-------- Data segment --------
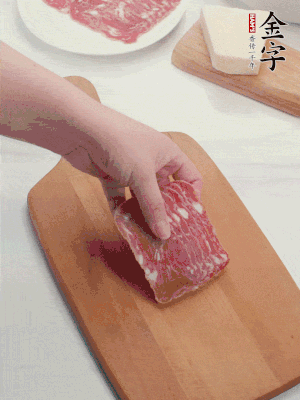 金字培根火腿改刀切小片；白洋蔥切??；新鮮豌豆剝殼。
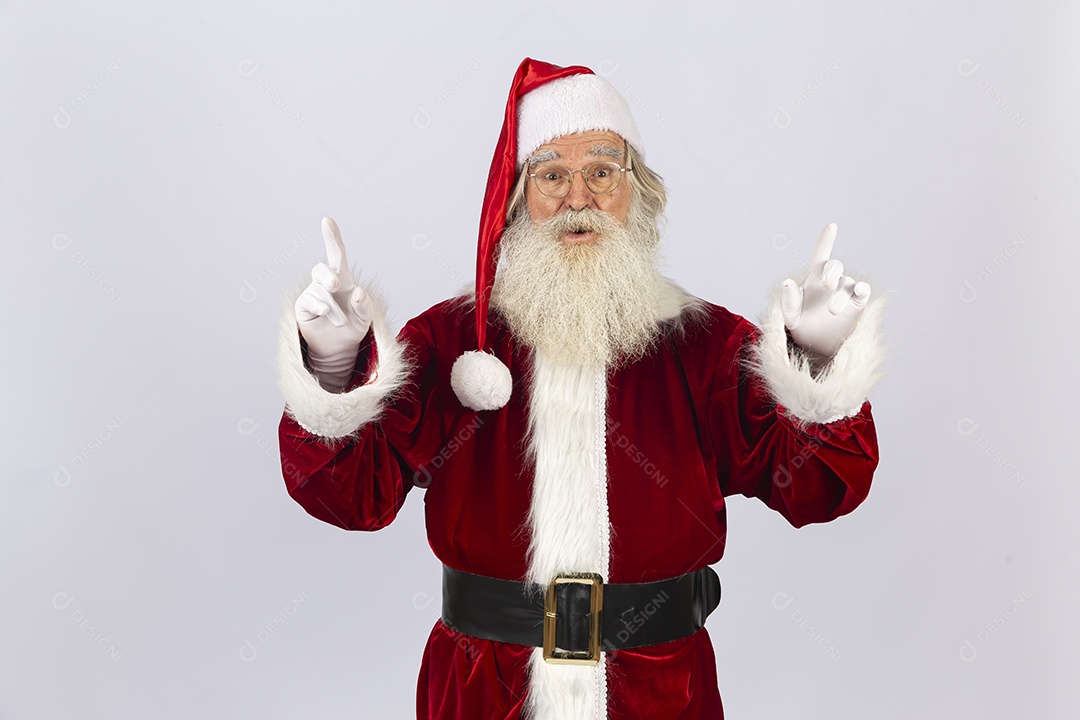 Papai Noel sobre fundo branco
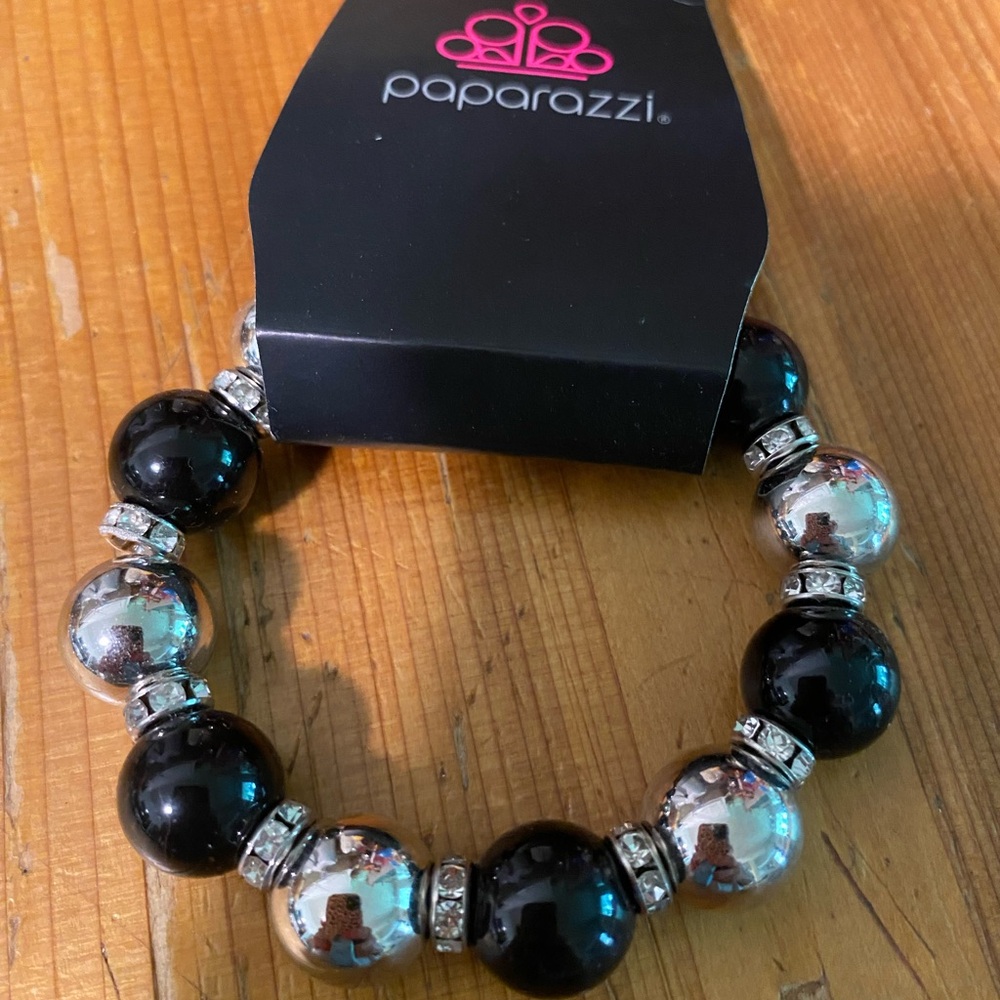Paparazzi Glossy Black and Shiny Silver Bracelet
--------
Task statement:
The listing is to be repeated word for word, with all pictures omitted.

Solution to this problem:
 金字培根火腿改刀切小片；白洋蔥切??；新鮮豌豆剝殼。
 Papai Noel sobre fundo branco
Paparazzi Glossy Black and Shiny Silver Bracelet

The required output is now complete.